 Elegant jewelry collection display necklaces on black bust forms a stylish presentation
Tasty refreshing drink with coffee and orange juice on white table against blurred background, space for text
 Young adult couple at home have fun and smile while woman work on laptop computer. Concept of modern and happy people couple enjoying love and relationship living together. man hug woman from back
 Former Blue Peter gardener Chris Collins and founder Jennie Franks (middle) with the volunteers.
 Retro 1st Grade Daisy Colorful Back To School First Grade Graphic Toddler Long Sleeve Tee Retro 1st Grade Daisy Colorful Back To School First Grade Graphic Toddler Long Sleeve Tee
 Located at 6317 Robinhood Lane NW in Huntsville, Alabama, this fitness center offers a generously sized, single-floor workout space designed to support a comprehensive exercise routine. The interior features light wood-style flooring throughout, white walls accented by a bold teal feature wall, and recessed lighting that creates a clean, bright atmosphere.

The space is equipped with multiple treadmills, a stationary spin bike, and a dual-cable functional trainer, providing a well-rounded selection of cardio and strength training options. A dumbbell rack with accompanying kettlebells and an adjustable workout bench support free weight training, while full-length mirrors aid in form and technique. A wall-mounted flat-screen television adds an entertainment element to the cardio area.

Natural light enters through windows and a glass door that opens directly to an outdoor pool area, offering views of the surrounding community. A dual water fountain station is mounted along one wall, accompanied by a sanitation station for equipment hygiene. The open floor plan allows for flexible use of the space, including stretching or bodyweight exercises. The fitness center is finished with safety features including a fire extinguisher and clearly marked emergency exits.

***

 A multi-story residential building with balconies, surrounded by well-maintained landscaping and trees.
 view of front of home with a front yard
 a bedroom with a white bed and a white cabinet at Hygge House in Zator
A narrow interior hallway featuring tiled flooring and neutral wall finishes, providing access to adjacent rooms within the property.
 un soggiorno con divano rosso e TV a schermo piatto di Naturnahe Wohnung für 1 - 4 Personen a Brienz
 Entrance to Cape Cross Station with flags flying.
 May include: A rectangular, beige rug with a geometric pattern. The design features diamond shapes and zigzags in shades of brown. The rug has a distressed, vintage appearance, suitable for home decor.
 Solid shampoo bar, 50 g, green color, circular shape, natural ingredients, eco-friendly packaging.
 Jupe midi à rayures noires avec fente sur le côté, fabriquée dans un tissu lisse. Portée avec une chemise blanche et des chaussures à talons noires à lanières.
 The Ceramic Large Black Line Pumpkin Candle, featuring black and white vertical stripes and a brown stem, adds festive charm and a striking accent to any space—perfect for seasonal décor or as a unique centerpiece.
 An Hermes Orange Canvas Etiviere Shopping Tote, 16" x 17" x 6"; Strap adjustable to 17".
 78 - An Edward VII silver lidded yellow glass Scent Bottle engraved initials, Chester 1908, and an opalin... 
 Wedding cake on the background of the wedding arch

***

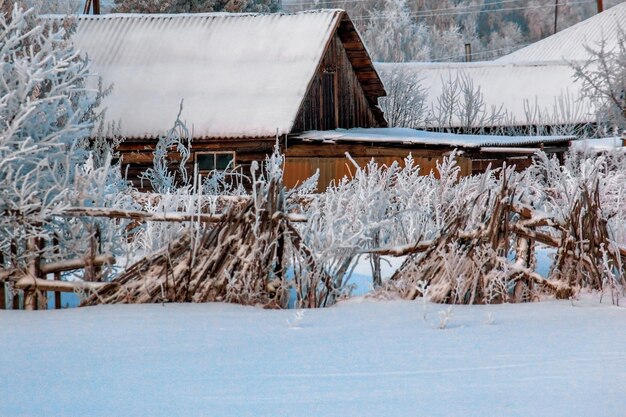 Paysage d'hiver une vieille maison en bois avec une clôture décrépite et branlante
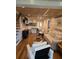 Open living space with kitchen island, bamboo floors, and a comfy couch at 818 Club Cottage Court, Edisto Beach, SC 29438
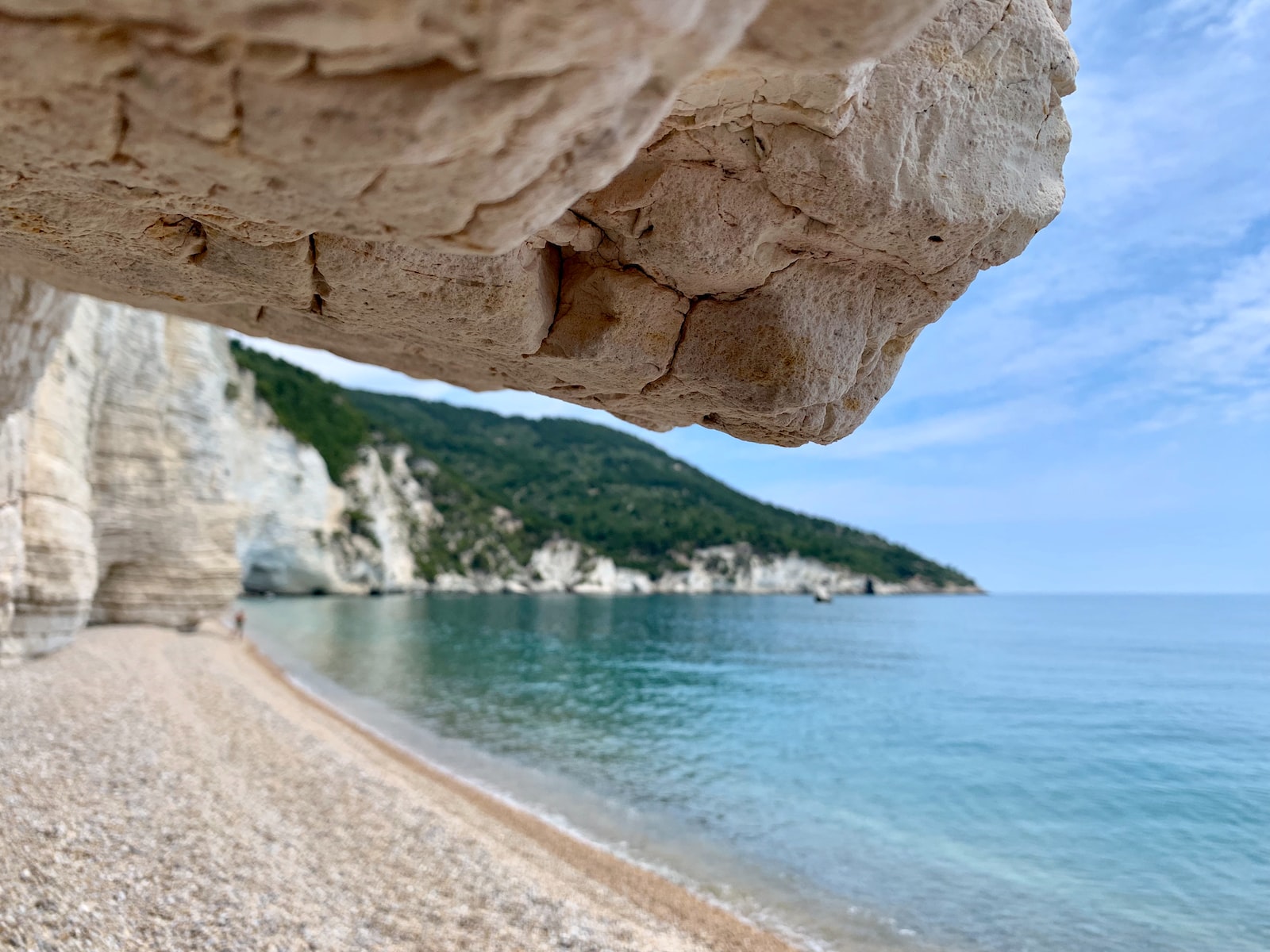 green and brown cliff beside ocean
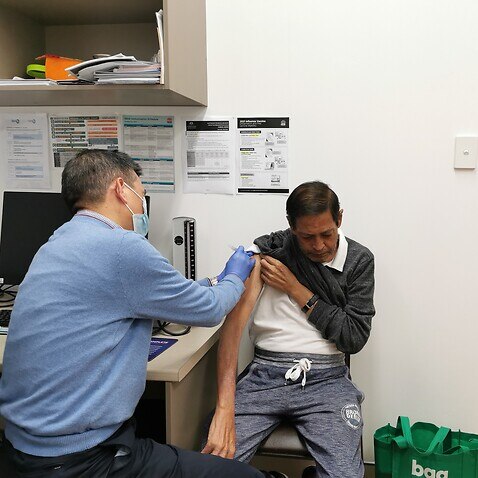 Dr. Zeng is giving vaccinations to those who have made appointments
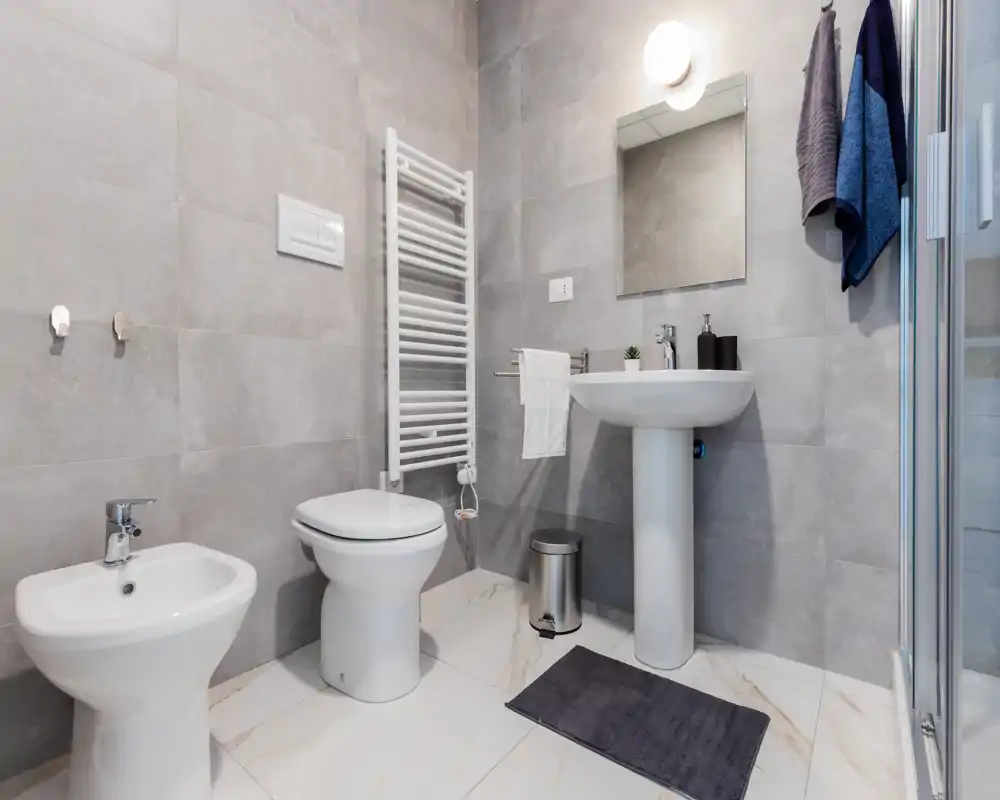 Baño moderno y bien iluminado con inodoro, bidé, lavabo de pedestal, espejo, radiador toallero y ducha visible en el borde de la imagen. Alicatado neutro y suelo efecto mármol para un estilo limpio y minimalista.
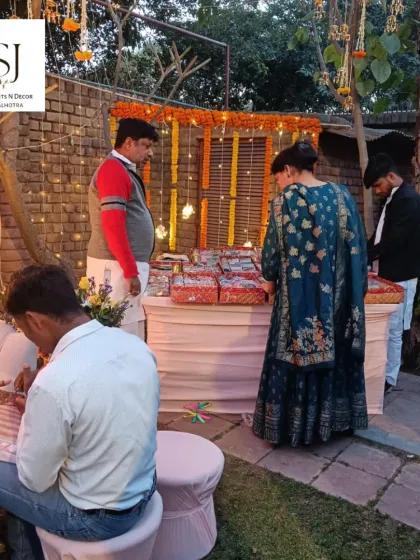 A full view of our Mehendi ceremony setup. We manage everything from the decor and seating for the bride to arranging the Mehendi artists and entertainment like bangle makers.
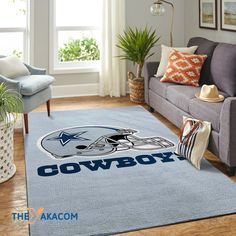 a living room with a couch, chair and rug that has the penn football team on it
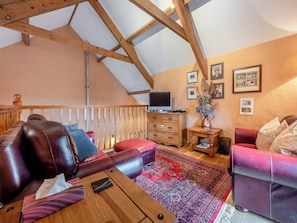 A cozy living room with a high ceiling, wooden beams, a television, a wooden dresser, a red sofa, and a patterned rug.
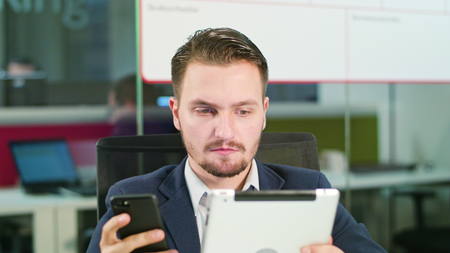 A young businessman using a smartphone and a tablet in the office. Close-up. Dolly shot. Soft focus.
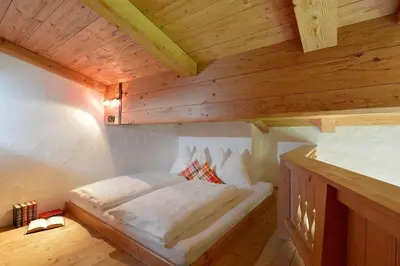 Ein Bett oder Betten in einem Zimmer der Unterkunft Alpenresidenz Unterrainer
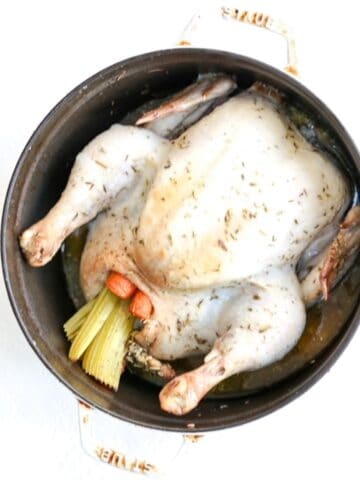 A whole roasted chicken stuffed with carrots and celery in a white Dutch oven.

***

» WORK ORDER
Select and copy each line from the data that includes the word "providing".

» WRITTEN SOLUTION
The space is equipped with multiple treadmills, a stationary spin bike, and a dual-cable functional trainer, providing a well-rounded selection of cardio and strength training options. A dumbbell rack with accompanying kettlebells and an adjustable workout bench support free weight training, while full-length mirrors aid in form and technique. A wall-mounted flat-screen television adds an entertainment element to the cardio area.
A narrow interior hallway featuring tiled flooring and neutral wall finishes, providing access to adjacent rooms within the property.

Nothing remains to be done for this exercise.